Jeanne Leong reports that in the NSB, located at Fifth and Federal Sts. in Camden, the three new state-of-the-art physics labs provide students and faculty with access to resources including a high-powered microscope, laser systems, and a vibration-free work table only a few other colleges and universities even have.
“These new labs allow us to be very innovative with how we deliver our curriculum to engage students,” says Bubb.
In the Introductory Physics Lab, located on the second floor of the NSB, students can measure the air resistance of objects that they’ve created with 3D printers.
Other tools they use include Matlab for data analysis. For instrumentation, they use Labview, which is an industry-standard instrumentation package.
The lab provides students with experiences that have applications in industrial lab work that prepares them for work outside of the classroom.
“They can come in and get data, they can use an apparatus to produce data and analyze the data,” says Bubb. “That’s something that would happen in any industrial laboratory, whether it is a chemical lab, or a physical lab.”
Another lab on the NSB second floor, the Flex Lab is where students can do more advanced work in physics, such as electric circuits and advanced electrical work.
Using an apparatus in this lab, they’re building something they’re calling “optical tweezers,” which use a light beam to hold a nanoparticle in place, such as on a microscope. “The ‘optical tweezers’ hold them in place where you couldn’t have anything mechanical to do that,” says Bubb.
On the first floor of the NSB is the Physics Laser Materials Lab, where faculty members share research space along with graduate and undergraduate students.
Through equipment acquired from National Science Foundation funding received by Sean O’Malley, an associate professor of physics, the lab supports a variety of research studies. A specially created vibration-free table allows researchers to do their work.
“When vibrations are present, it affects our ability to keep the laser beam in one location for a measurement,” says Bubb. “Since we do experiments with individual nanoparticles, it would be possible for the particles to move in and out of the beam path during a measurement.”

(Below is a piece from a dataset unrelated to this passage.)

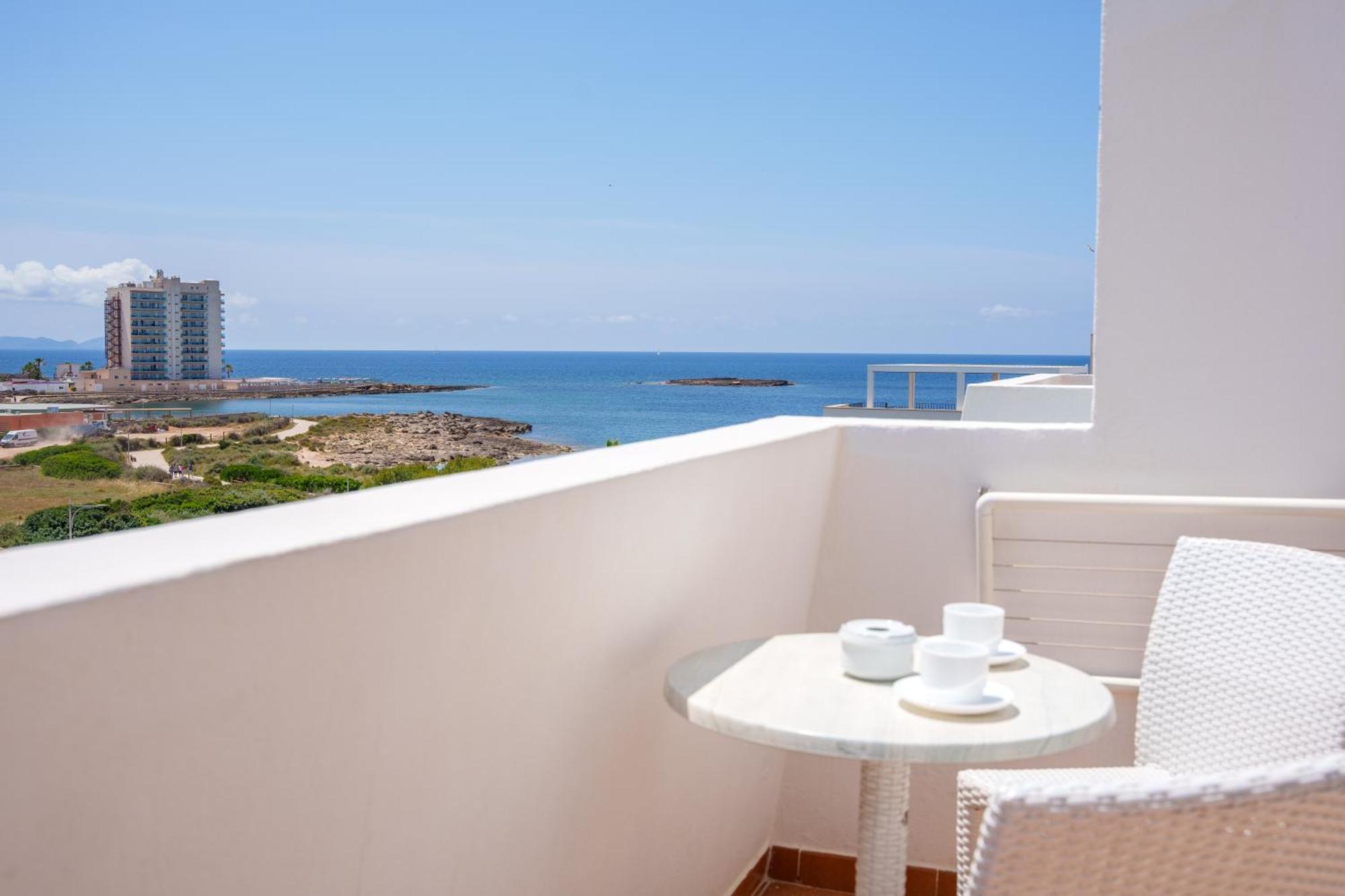 Apartaments Andreas Colonia de Sant Jordi Eksteriør billede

What’s unique about the table is that it is on a cut slab. “They cut the floor away from the walls all the way around, so the vibrations from outside are not transmitted through the floor,” says Bubb. “It’s all bolted together so that the surface, if there’s any kind of stimulants, the hydraulics of the table floating quickly dampen out the vibrations and keep the table as level as possible.”
Using the table, researchers put laser light into a microscope and then perform a combination of techniques.
“We might get information back, like process information,” says Bubb. “Or we might do fundamental characterization of how nanoparticles interact with their surroundings.”
The new labs are a welcome addition to the Department of Physics. Before the NSB opened in September, the only lab space they had was in a converted classroom on the fourth floor of the Business and Science Building.
Bubb says there was a lot of vibration in the old lab, and the equipment wasn’t situated properly, so it limited the kinds of work they could do, particularly in optics.
“The gist of our research is that we do what’s called plasmonic enhanced processing,” says Bubb. “Plasmonic materials are small metal particles that absorb light. So, it could be small particles of gold, silver, or copper that absorb laser light. If you can place them inside of other materials, you can direct where the processing occurs.”
One of the group’s largest projects involves the poration of vesicles, in which fake cells that are like bags of water are floating around. “We put metal nanoparticles on the outside and we can poke a little hole ,” says Bubb.
“This is really useful for things like, what’s called ‘targeted delivery,’ like if you had to put a payload into there that you wanted to come out in only a certain location, something like drug delivery. That type of thing would be really useful.”
In another project, recently, researchers worked with a long-time collaborator in biology to look at the effect of silver nanoparticles on certain types of bacteria.
The new labs and the academic programs were created through collaborative efforts by physics professors Bubb, O’Malley, and Julie Griepenburg.
The faculty work with students mainly in physics and chemistry, but they also mentor students in computer science and biology.
“As a group, we are able to do things that none of us individually would be able to do. So to provide our students, they get mentoring from people who are at different stages in their careers, and people with different perspectives. Julie brings the chemistry and she crosses over into physics. Sean and I cross over to chemistry from physics.”